Am dritten Tag gibt es endlich Grund für einen Eintrag in mein Namens-Sammelbuch. In der Verwaltung der Universität wird mir eine rundliche, gutmütige Frau vorgestellt, die sich für mein Wohlbefinden verantwortlich erklärt. Sie trägt einen Namen, der in meinem russischen Kanon bisher fehlte: Ljubow. Ich befrage Google zu meinem Fund und erfahre, dass Ljubow – ganz passend zu ihrer mütterlich-umsorgenden Art- gleichzeitig das russische Wort für Liebe ist. Diese Vokabel wird in den folgenden Wochen durch die russischen Schlager gefestigt, die an sämtlichen öffentlichen Plätzen aus Lautsprechern plärren. Trotz Dauerbeschallung ist meine Liebe zu Ljubow nicht zu erschüttern: Neben der plakativen Bedeutung gefällt mir besonders der Kontrast zwischen der samtig-weichen ersten Silbe und der etwas härteren Konsonantenendung. Doch leider gleitet der Name als ‚lju-BOW‘ wohl nur so sanft über russischsprachige Lippen – weshalb ich ihn nach meiner Heimkehr in die Kategorie ‚Anhimmeln aus der Ferne‘ stecke.
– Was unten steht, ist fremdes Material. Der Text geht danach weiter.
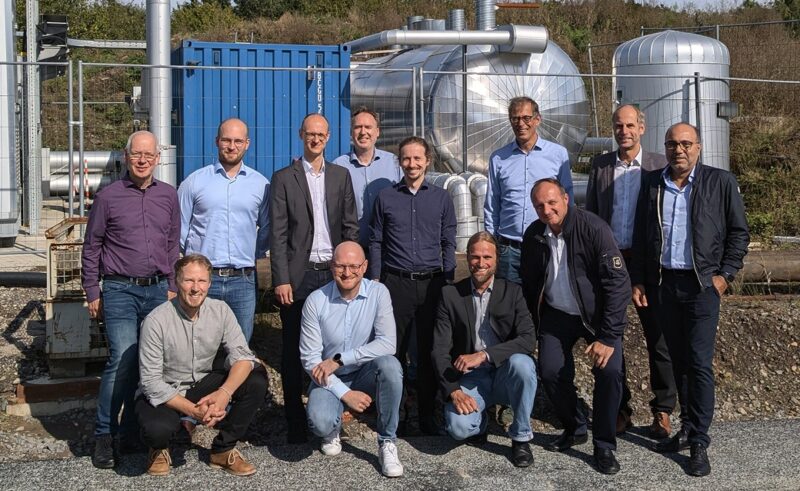 Menschen vor eine Energieanlage beim Kick-off-Treffen des Projektes Biovolatil, das kommunale Energiesysteme stärken will.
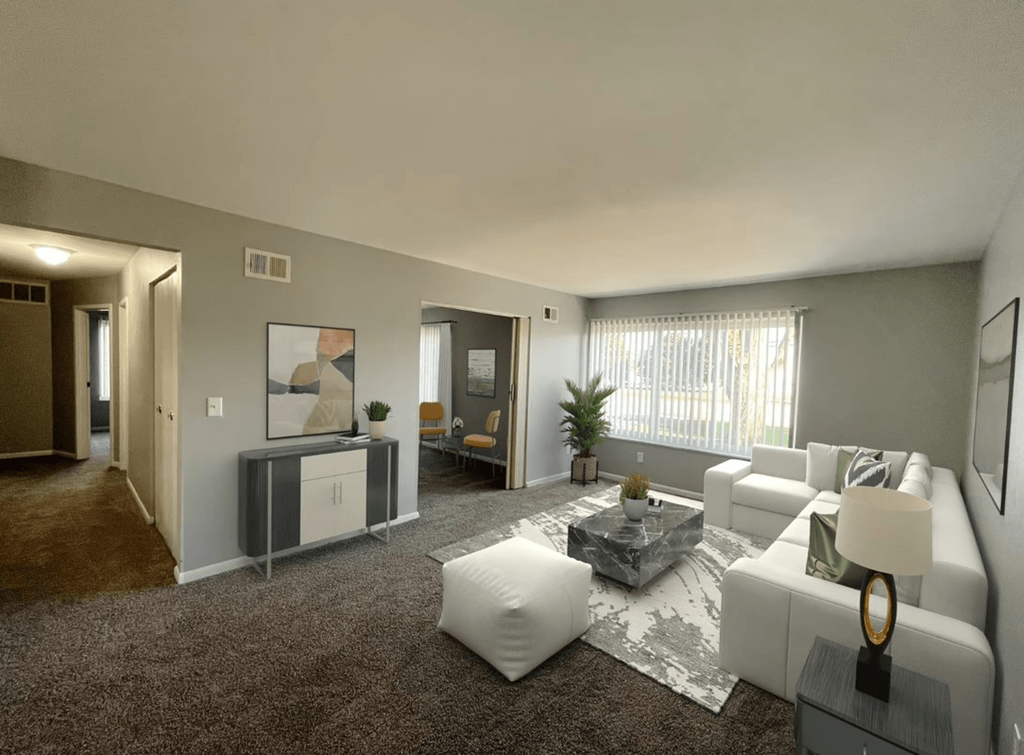 a living room with gray walls and brown carpet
Ich stoße auch darauf, dass es neben Ljubow noch zwei weitere traditionsreiche weibliche Wortnamen im Russischen gibt. Nadeschda (Hoffnung) entfaltet ihren vollen Klang wohl aber auch am besten aus dem Munde einer Person, die dem Russischen mächtig ist. Wobei Wera (Glaube) im Russischen zwar auch etwas anders klingt (‚Wjera‘), sich in deutschlandtauglicher Entsprechung als Vera* aber schon lange bei uns etabliert hat.
Einige Wochen später bin ich um zahlreiche Bekanntschaften und rudimentäre Russischkenntnisse reicher. Zurück zu meiner Ausgangsvermutung: Heißen denn nun wirklich alle Russen gleich? Auf meiner gedanklichen Strichliste konnte ich erst zwei Olgas und drei Sergejs verbuchen, obwohl ich auch im Supermarkt und auf der Post fleißig auf alle Namensschilder der Angestellten gestarrt habe.
Wie groß ist die Vielfalt denn nun tatsächlich? Ich überarbeite meine Hypothese: Auf jeden Fall ist die Namensvielfalt geringer als in Deutschland. Mein Notizbuch für Namensentdeckungen blieb seit der Begegnung mit der liebenswürdigen Ljubow unangetastet.